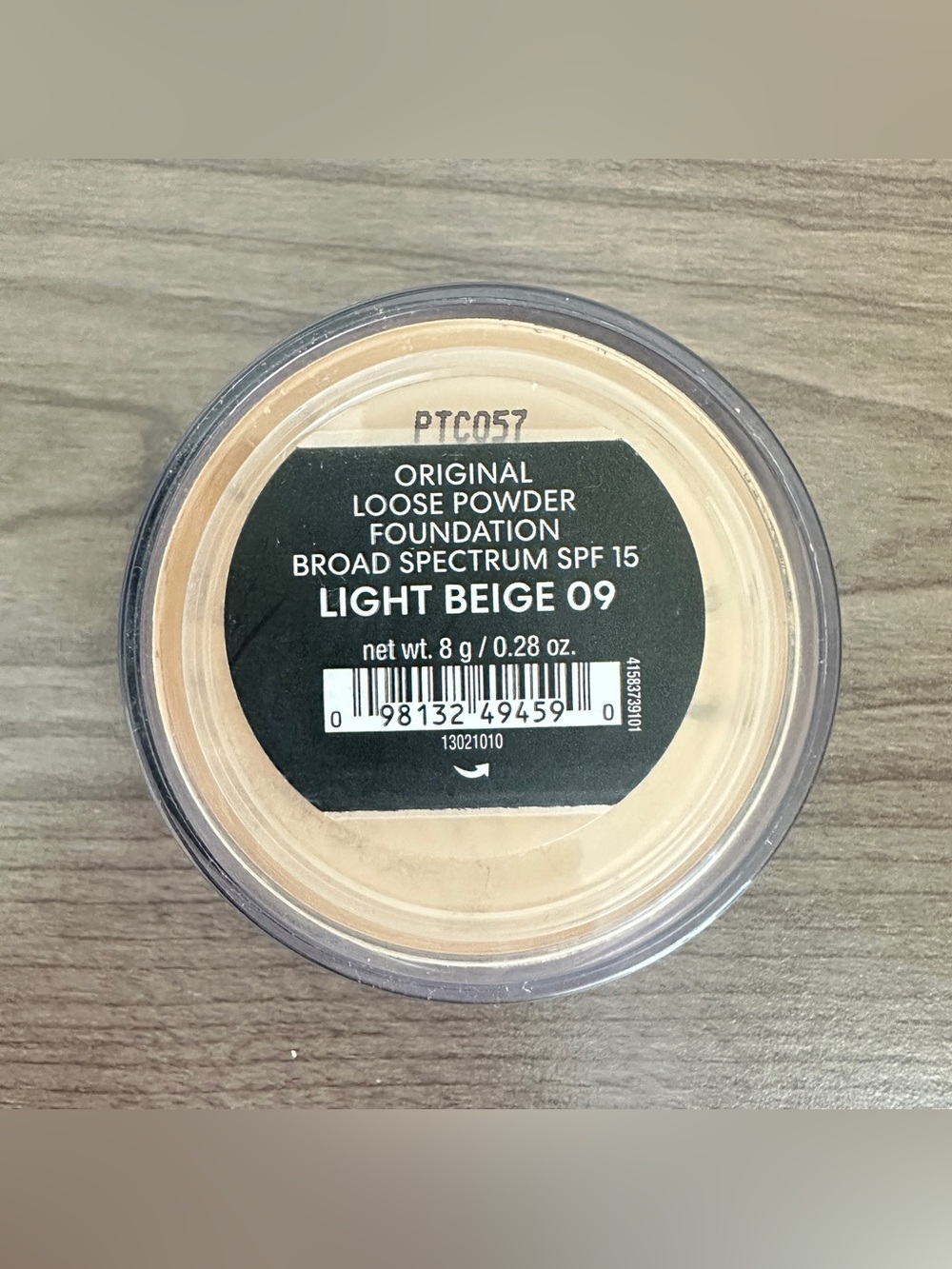 BareMinerals Original Loose Powder Foundation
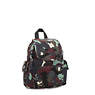 City Pack Mini Printed Backpack, Camo, small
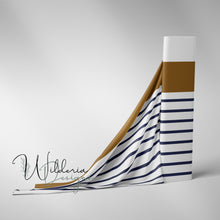 Load image into Gallery viewer, Rapport Stripe - Camel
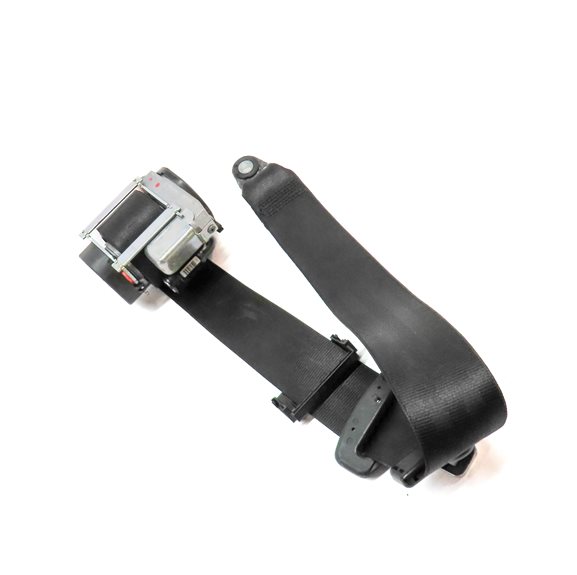 Thumbnail 3: 2014 RANGE ROVER SPORT (L494) REAR 2ND ROW RIGHT SEAT SEATBELT RETRACTOR (Black)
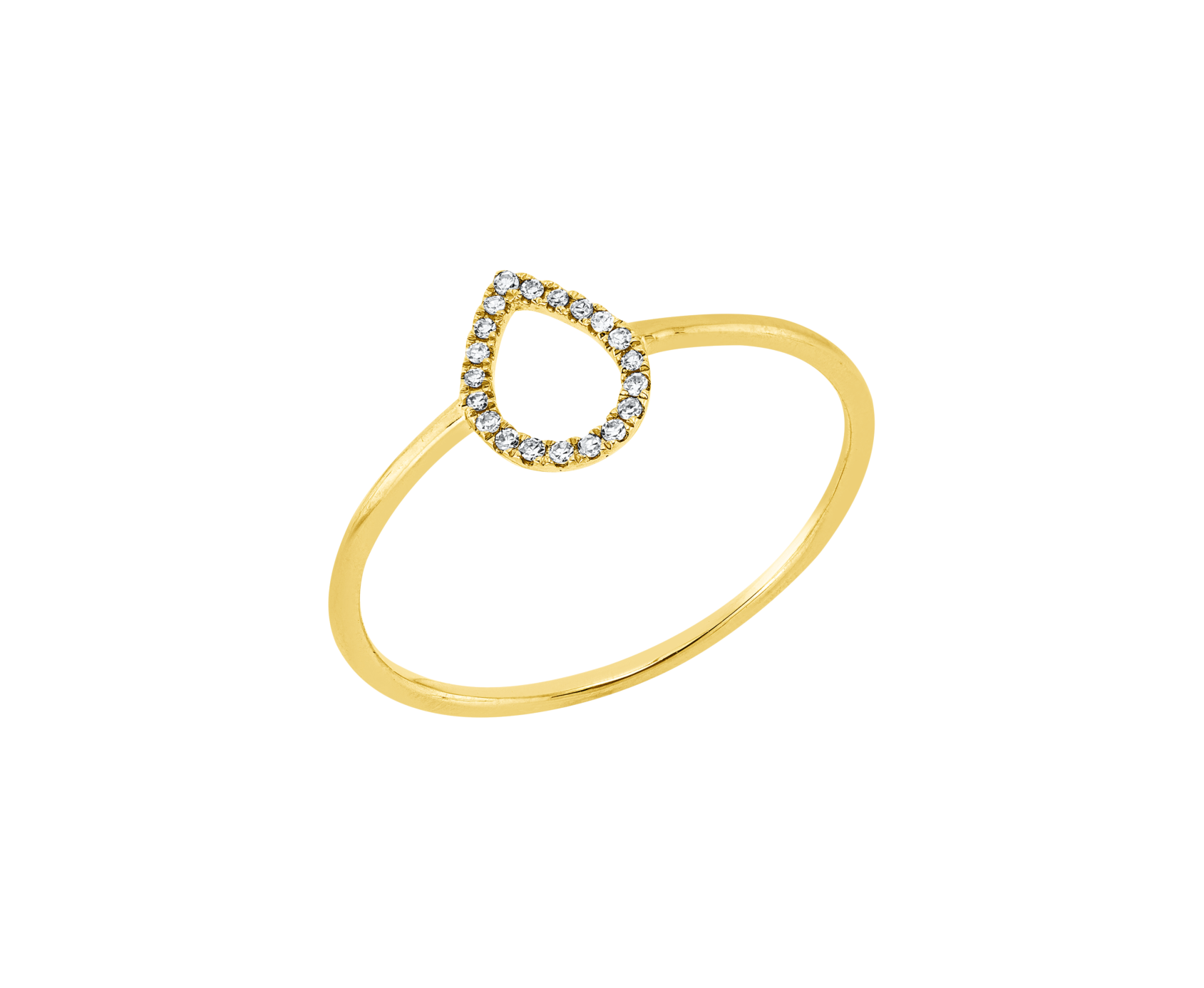 Brogle Classic diamond ring Brogle Classic diamond ring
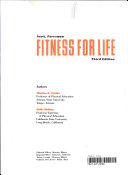 Fitness for Life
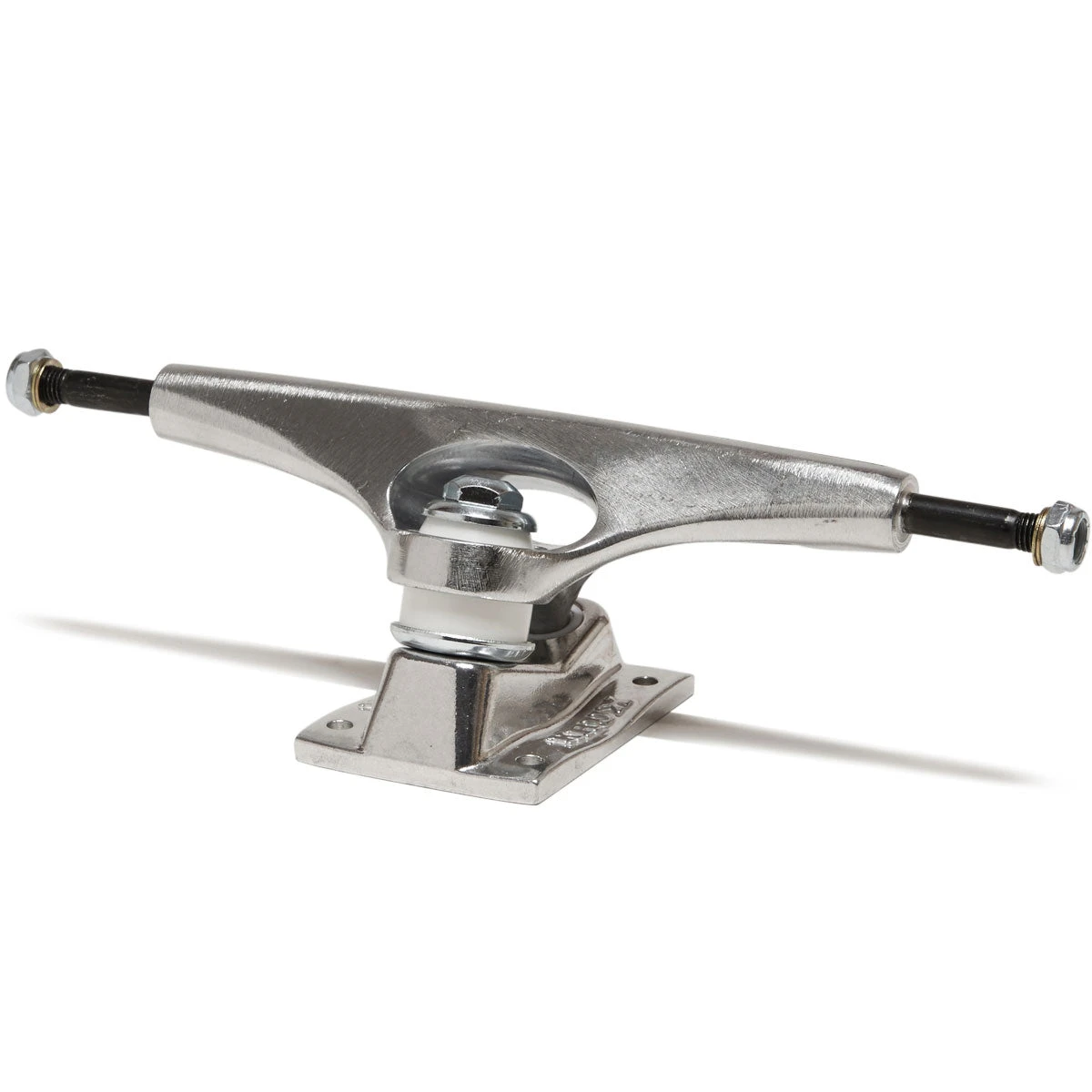 Krux K5 Polished DLK Skateboard Trucks - Silver - 9.00" 4 Krux K5 Polished DLK Skateboard Trucks - Silver - 9.00" - Image 2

■ ■ ■

> _Exercise details_: Each line from the one with "Brogle Classic diamond ring Brogle" through the final line of the records must be copied exactly, with no pictures and no additional lines.

> _Answer box_:
 Brogle Classic diamond ring Brogle Classic diamond ring
 Fitness for Life
 Krux K5 Polished DLK Skateboard Trucks - Silver - 9.00" 4 Krux K5 Polished DLK Skateboard Trucks - Silver - 9.00" - Image 2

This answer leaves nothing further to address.